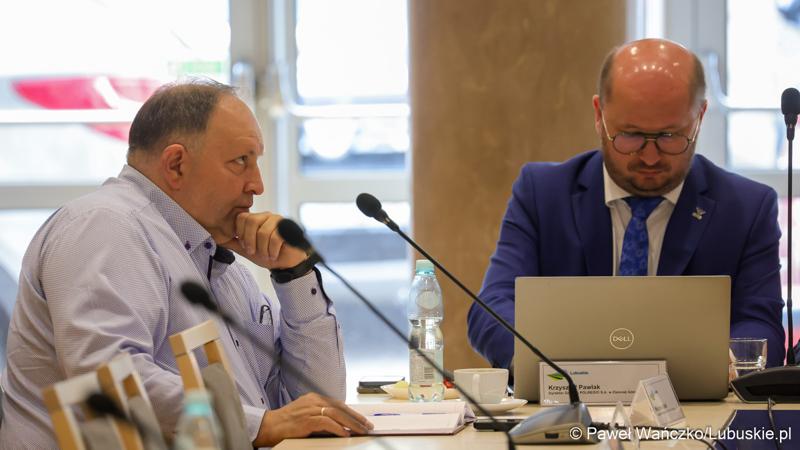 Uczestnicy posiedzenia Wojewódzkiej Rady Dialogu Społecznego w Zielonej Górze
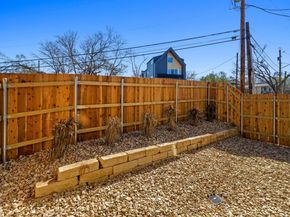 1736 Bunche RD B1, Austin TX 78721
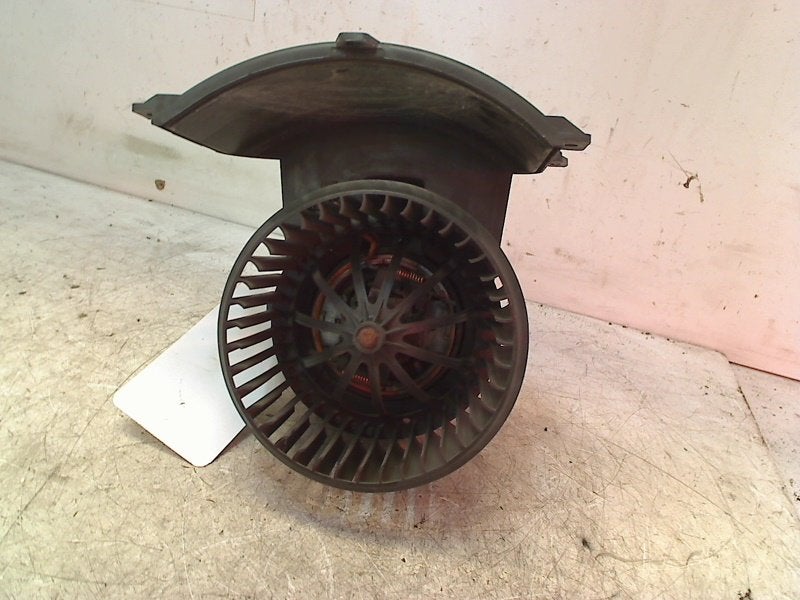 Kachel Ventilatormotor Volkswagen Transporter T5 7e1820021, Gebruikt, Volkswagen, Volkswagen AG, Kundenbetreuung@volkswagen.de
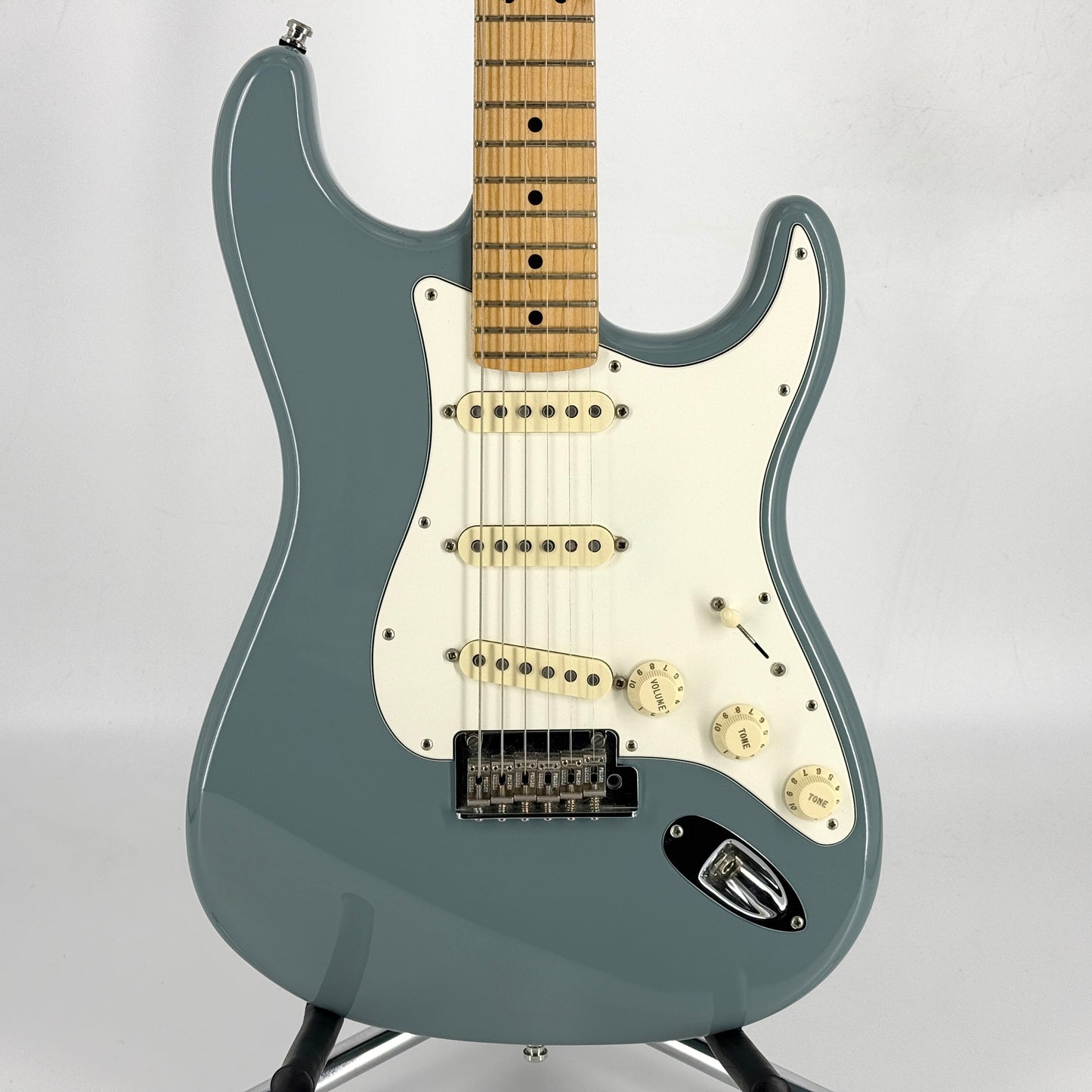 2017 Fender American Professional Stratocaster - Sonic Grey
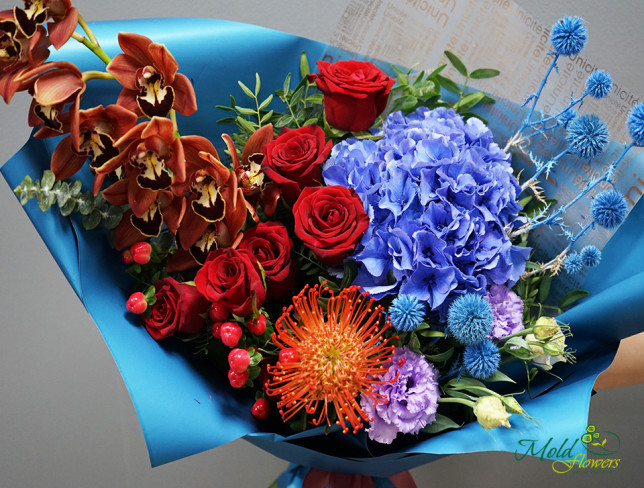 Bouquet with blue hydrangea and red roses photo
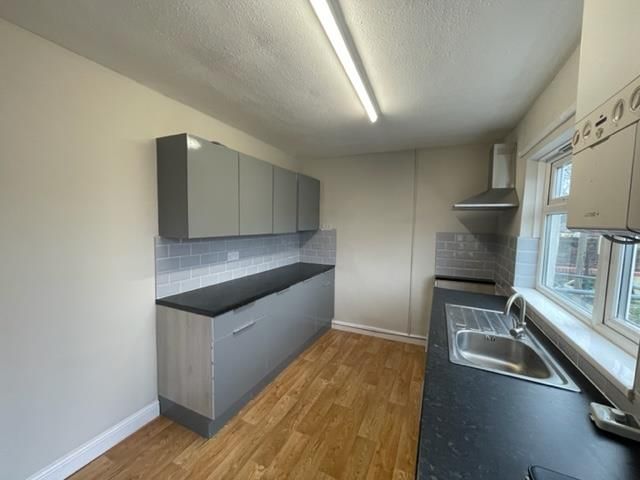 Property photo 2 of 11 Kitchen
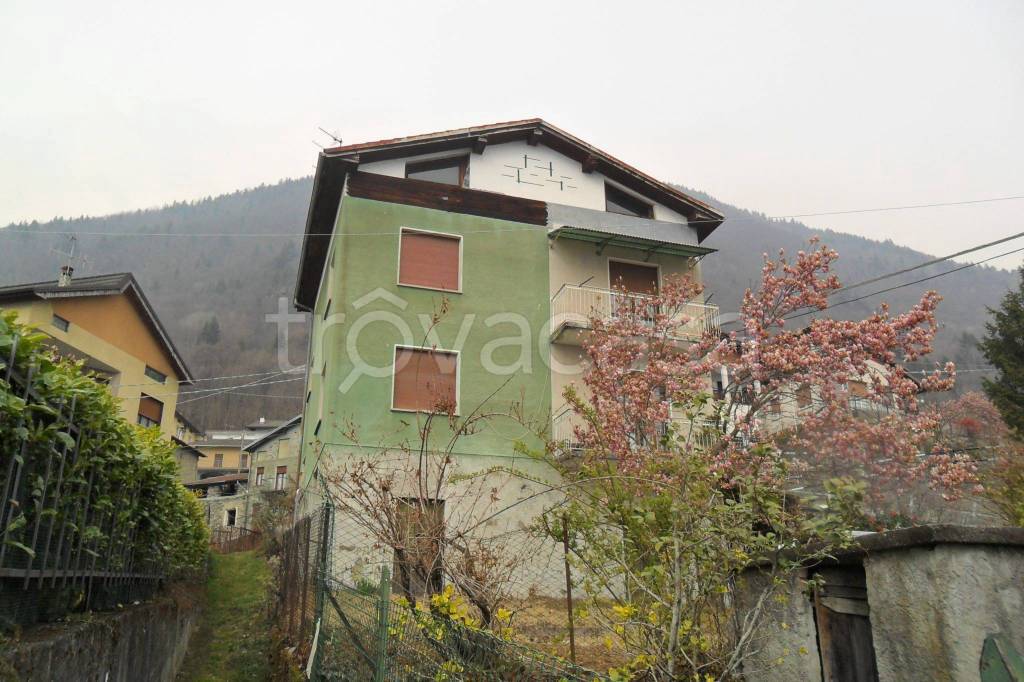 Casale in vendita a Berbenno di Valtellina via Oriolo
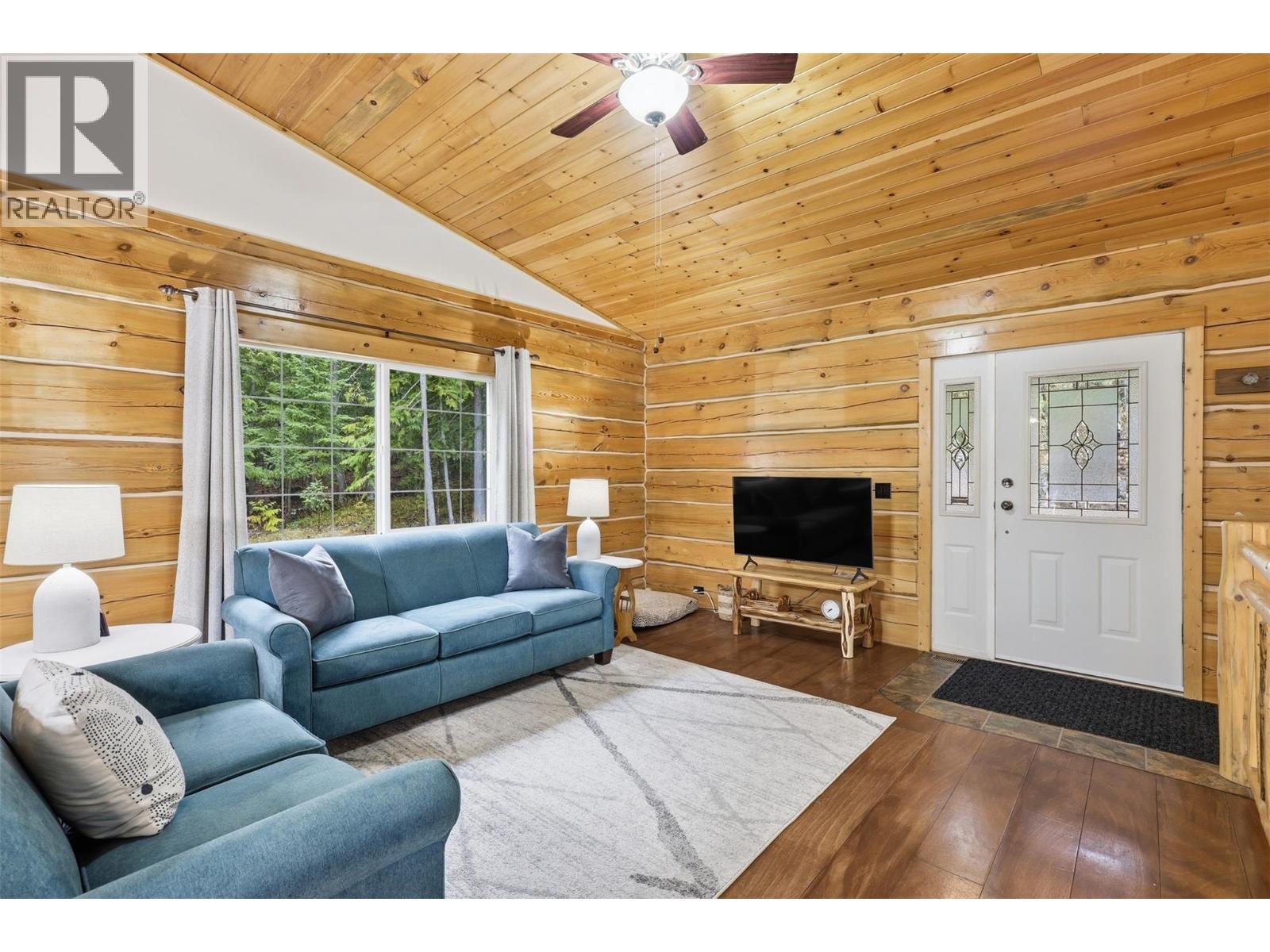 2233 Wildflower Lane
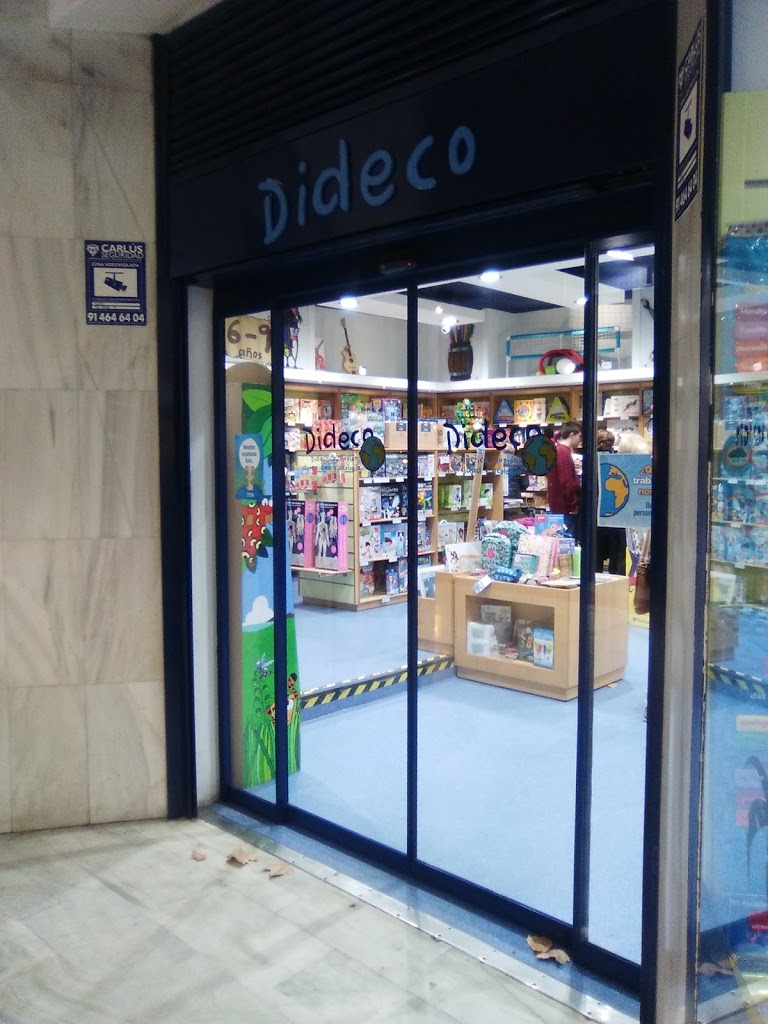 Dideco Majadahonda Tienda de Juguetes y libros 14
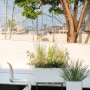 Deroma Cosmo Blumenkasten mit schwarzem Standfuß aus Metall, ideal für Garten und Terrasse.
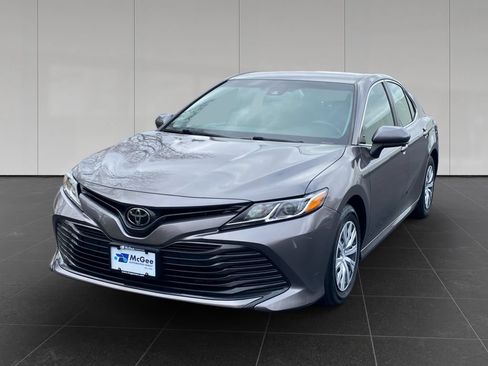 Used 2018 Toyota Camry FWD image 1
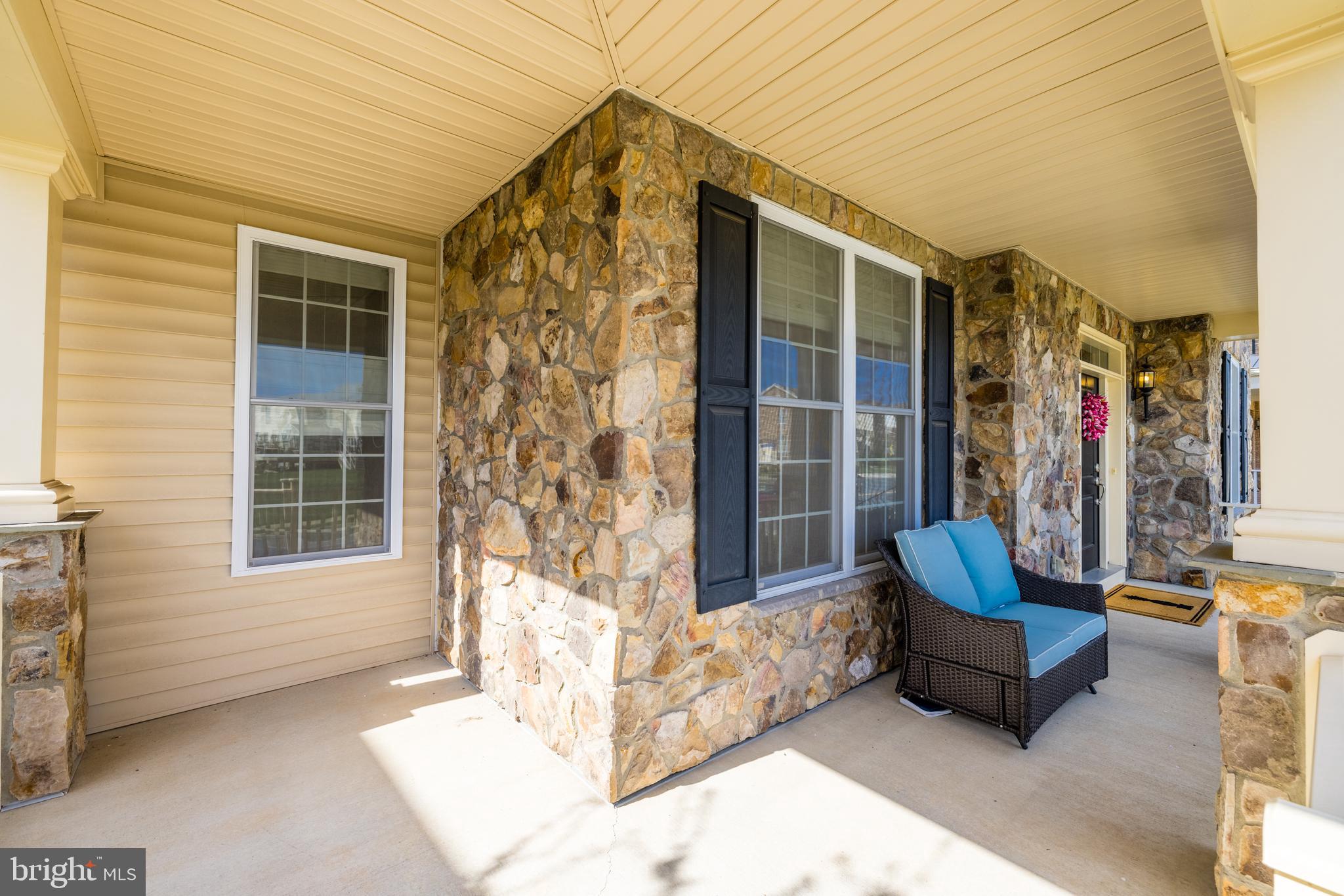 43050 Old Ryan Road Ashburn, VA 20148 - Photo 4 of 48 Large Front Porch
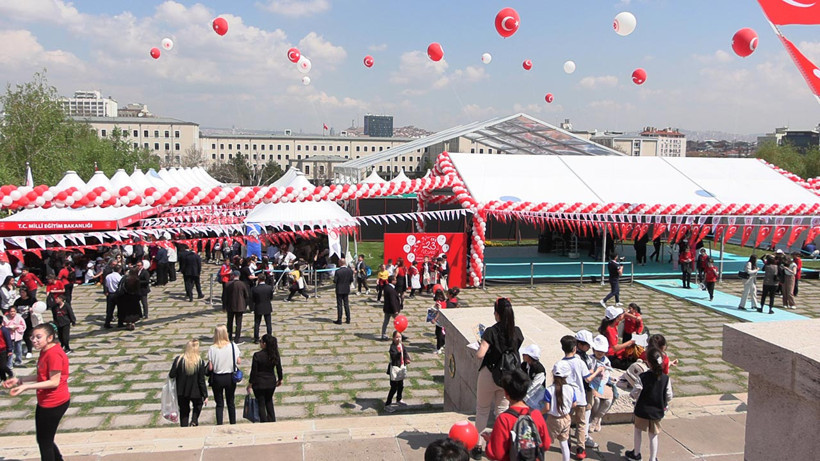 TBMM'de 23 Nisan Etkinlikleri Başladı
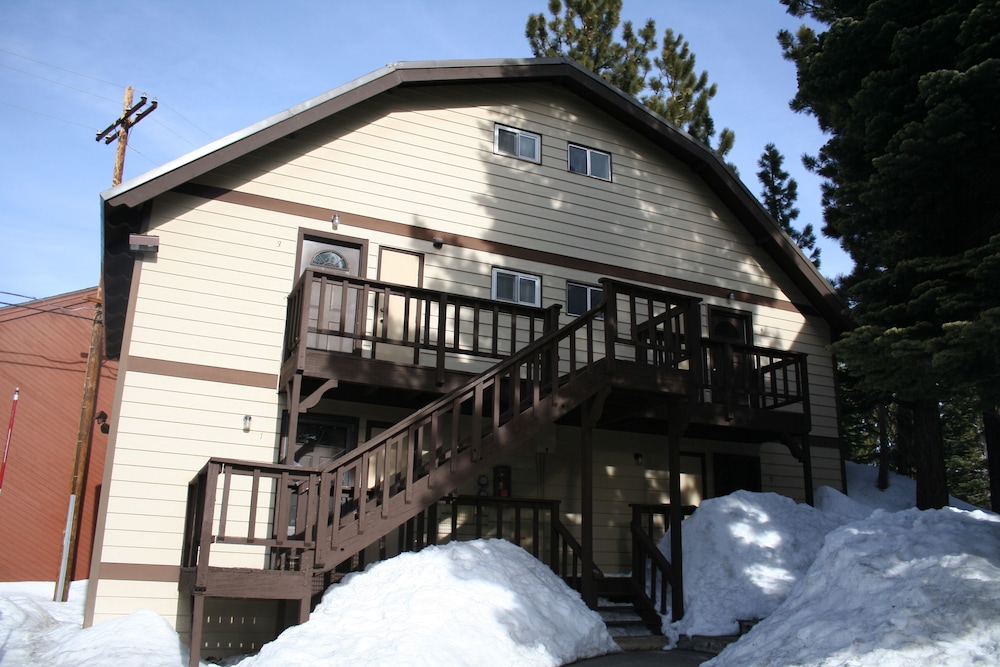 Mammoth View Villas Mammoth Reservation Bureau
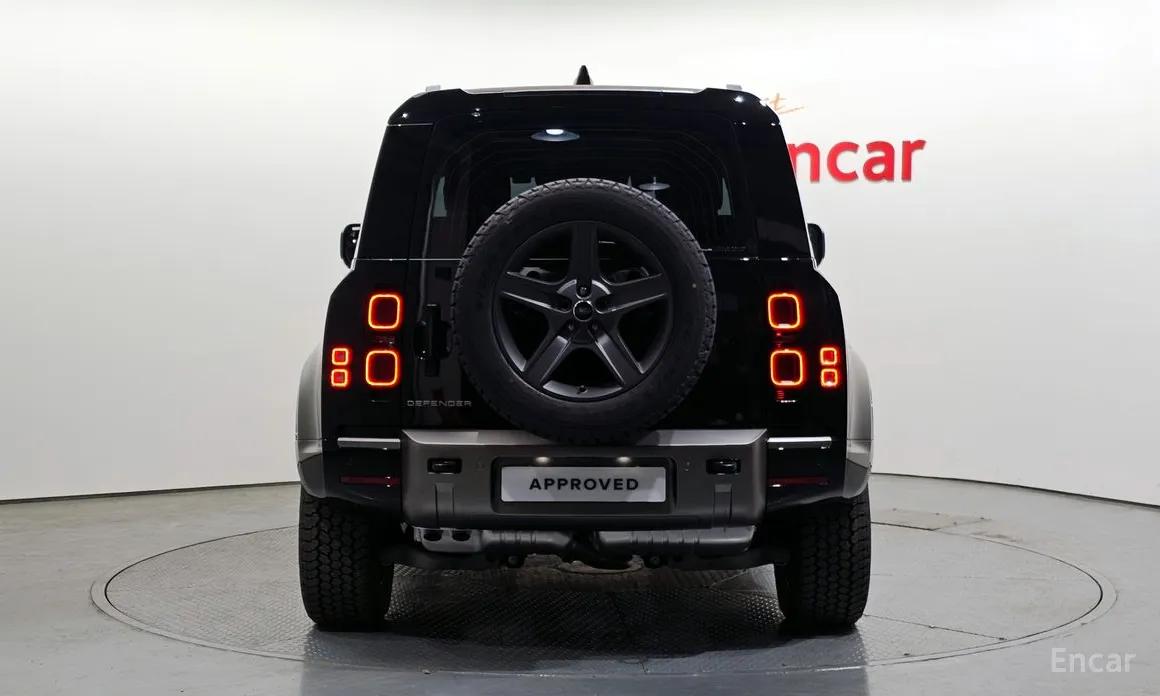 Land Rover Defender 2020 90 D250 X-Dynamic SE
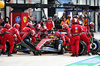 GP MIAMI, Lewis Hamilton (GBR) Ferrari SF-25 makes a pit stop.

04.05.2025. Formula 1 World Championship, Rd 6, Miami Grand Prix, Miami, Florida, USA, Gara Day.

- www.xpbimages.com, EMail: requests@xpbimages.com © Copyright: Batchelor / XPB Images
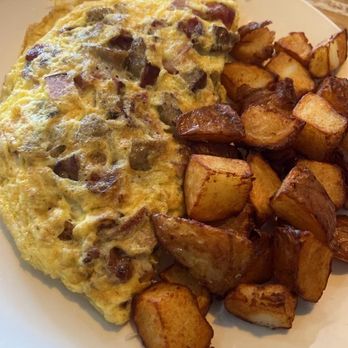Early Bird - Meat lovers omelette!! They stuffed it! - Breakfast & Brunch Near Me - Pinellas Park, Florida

[Task brief] What you print must be exactly the lines from the one containing "Land Rover Defender" through the last line of the material, and no pictures.

[Task result]
 Land Rover Defender 2020 90 D250 X-Dynamic SE
 GP MIAMI, Lewis Hamilton (GBR) Ferrari SF-25 makes a pit stop.

04.05.2025. Formula 1 World Championship, Rd 6, Miami Grand Prix, Miami, Florida, USA, Gara Day.

- www.xpbimages.com, EMail: requests@xpbimages.com © Copyright: Batchelor / XPB Images
Early Bird - Meat lovers omelette!! They stuffed it! - Breakfast & Brunch Near Me - Pinellas Park, Florida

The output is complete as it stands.